Start of The records
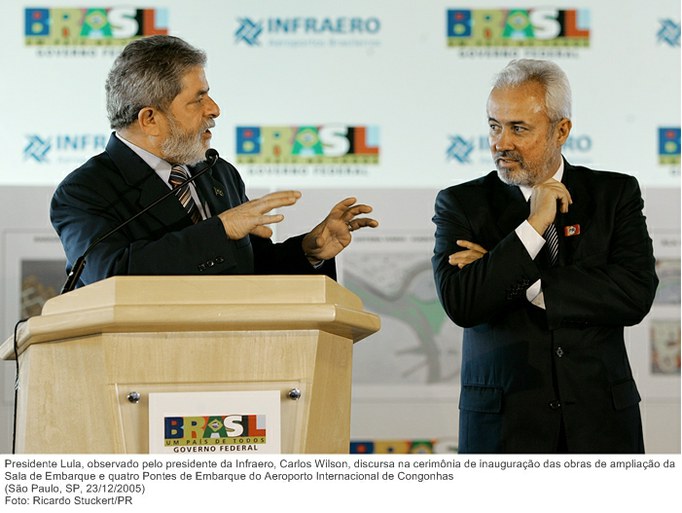 Presidente Lula, observado pelo presidente da Infraero, Carlos Wilson, discursa na cerimônia de inauguração das obras de ampliação da Sala de Embarque e quatro Pontes de Embarque do Aeroporto.jpg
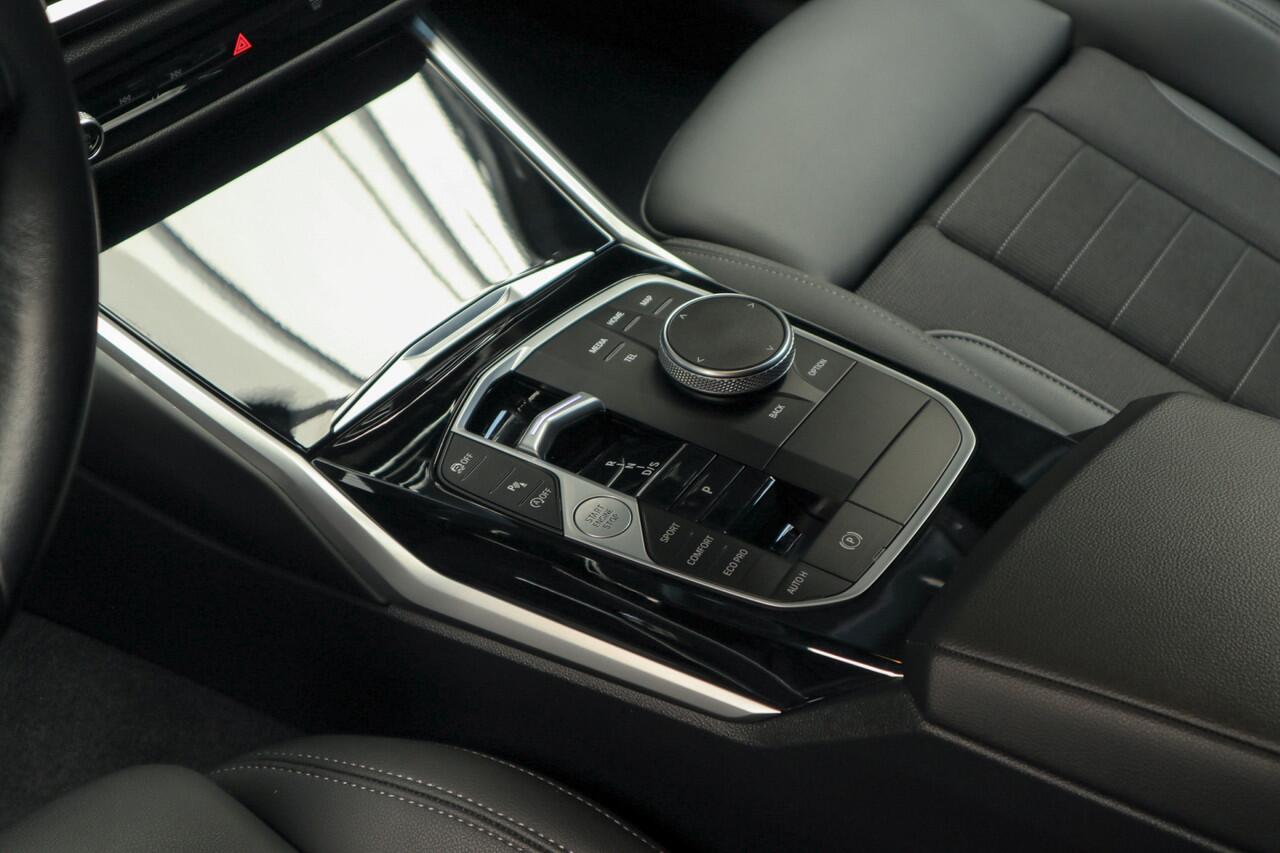 BMW 3-SERIE Touring 320i HUD Matrix LED ACC Elektr. trekhaak Elektr. achterklep Leer Navi Camera Climate (3-zone) Sportstoelen PDC LM velgen BTW auto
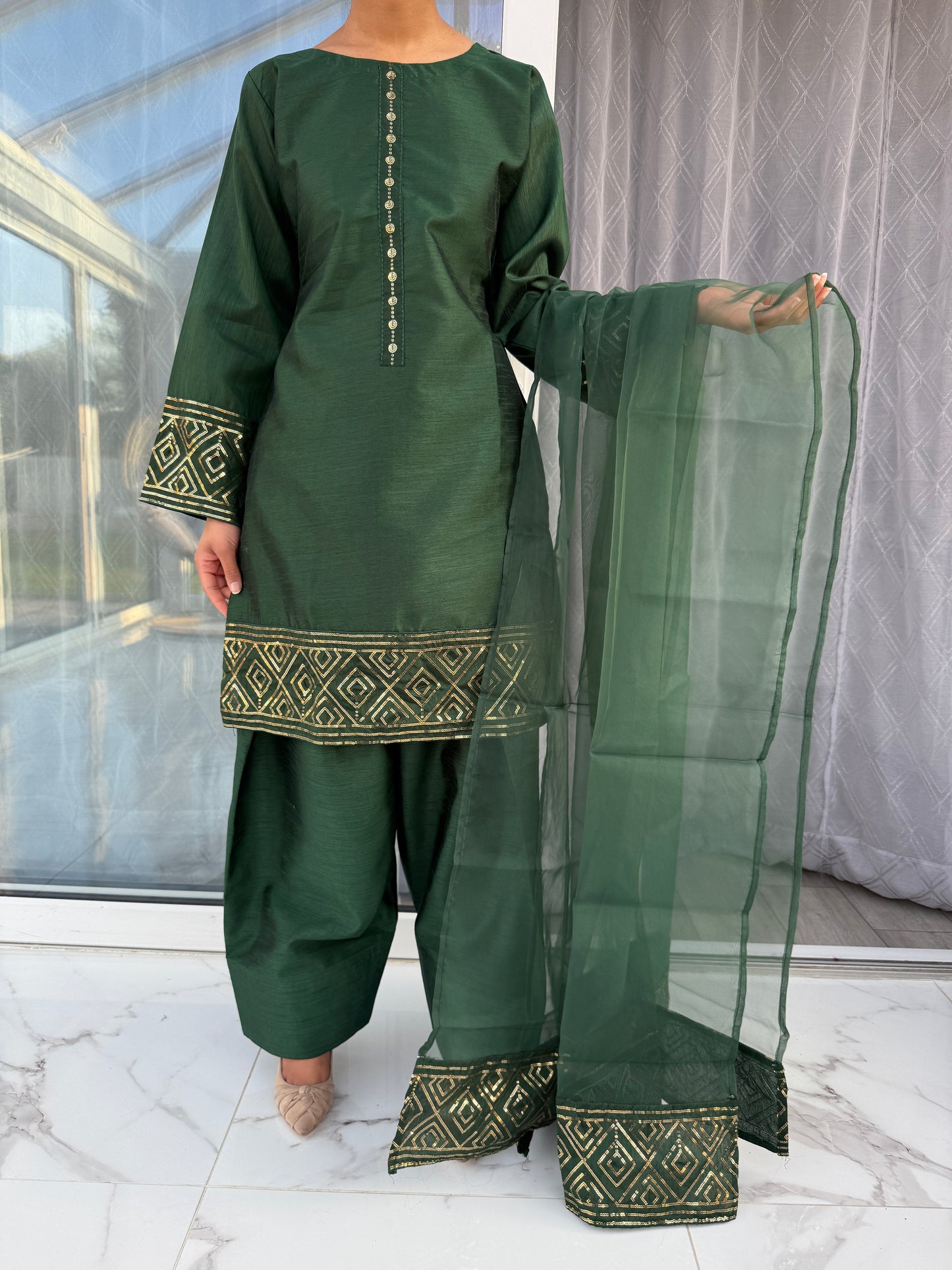 SOPHIA FARSHI SHALWAR SIMRANS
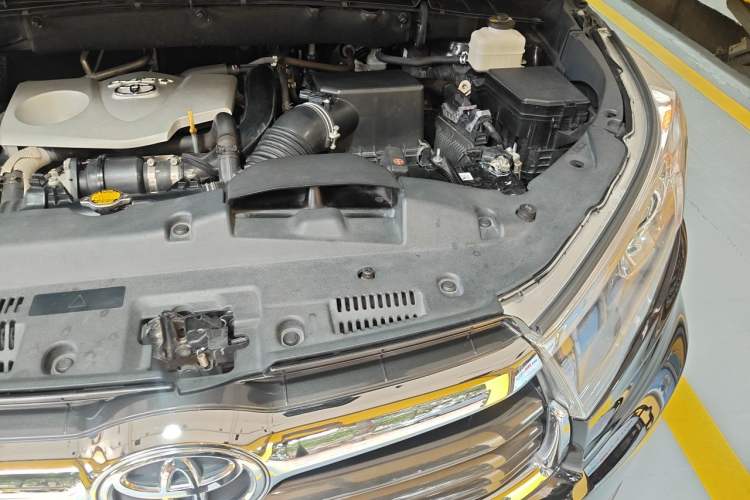 Used Toyota Highlander 2015 2.0T Two-Wheel Drive Elite Edition 5 Seats Engine Bay Left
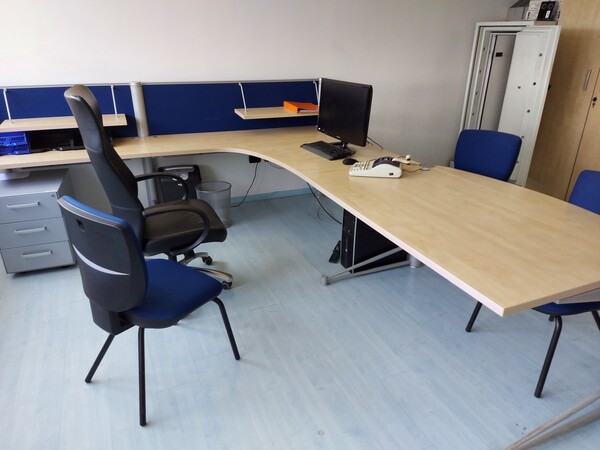 10#6357 Arredi per ufficio e attrezzature elettroniche in vendita - foto 42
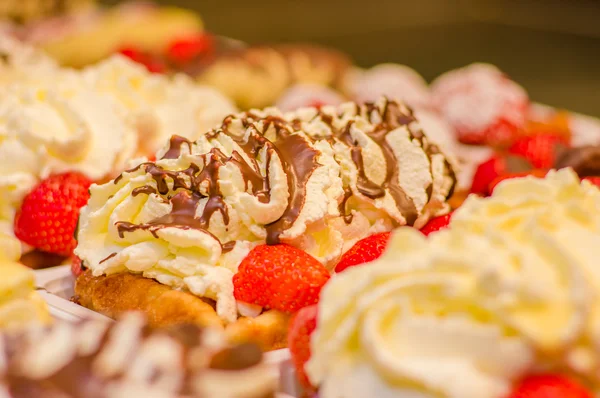 BRUSSELS, BELGIUM - 11 AUGUST, 2015: Famous belgian waffles as displayed in store with cream, berries and chocolate sauce — Stock Photo, Image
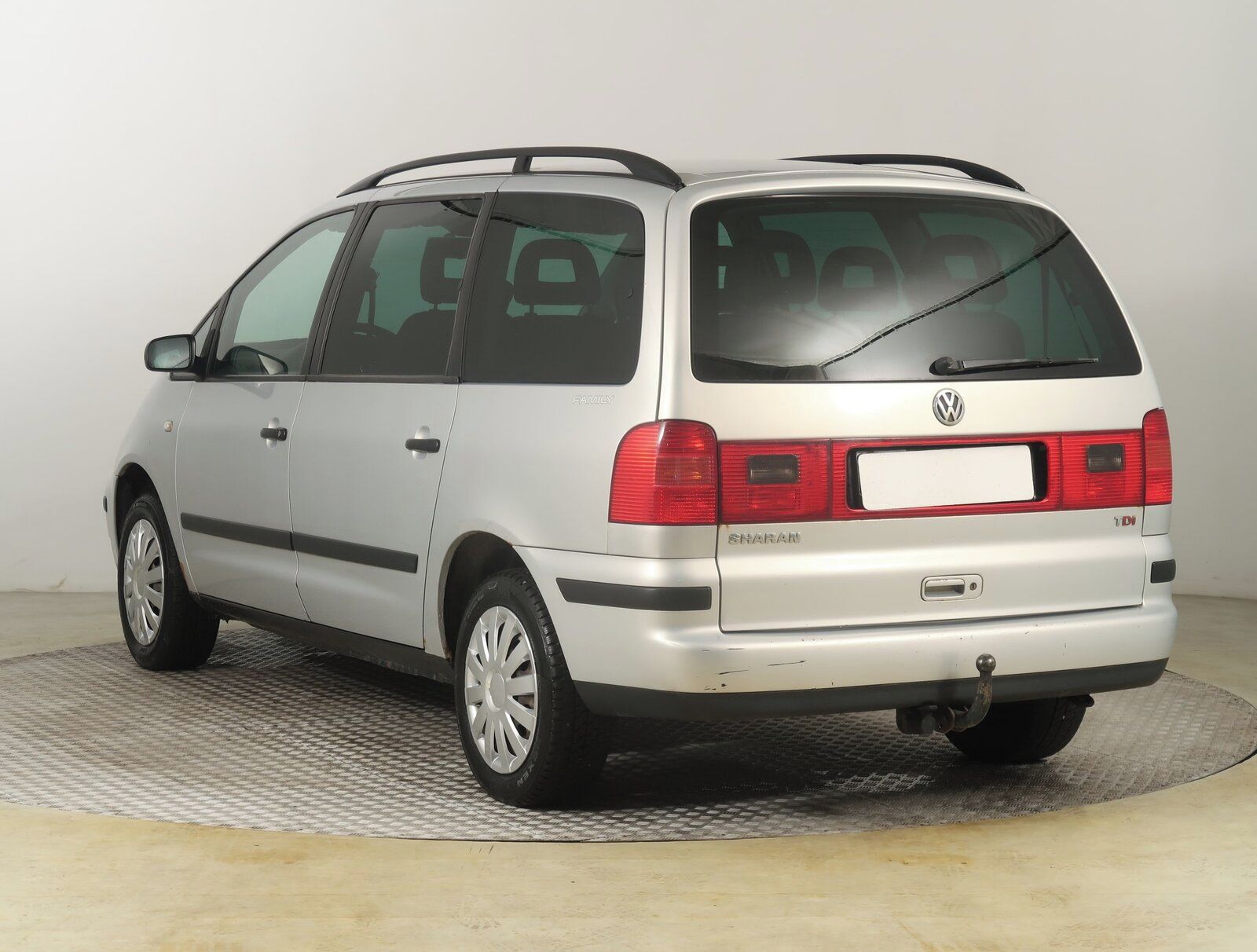 Volkswagen Sharan, 1.9 TDI , 7 míst, Tažné - fotka 4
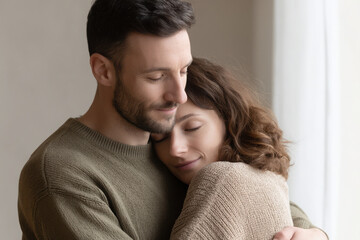 Obraz premium warm scene depicting two people sharing gentle embrace showcasing deep compassion and care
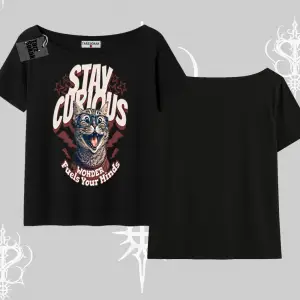 Stay Curious Kedi Baskılı Kayık Yaka Tshirt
End of The records
- [Exercise brief] Please set down exactly the lines from the one holding "Volkswagen Sharan, 1.9" through the last line of the entries, both ends included, and skip pictures.

- [Task response]
 Volkswagen Sharan, 1.9 TDI , 7 míst, Tažné - fotka 4
 Obraz premium warm scene depicting two people sharing gentle embrace showcasing deep compassion and care
 Stay Curious Kedi Baskılı Kayık Yaka Tshirt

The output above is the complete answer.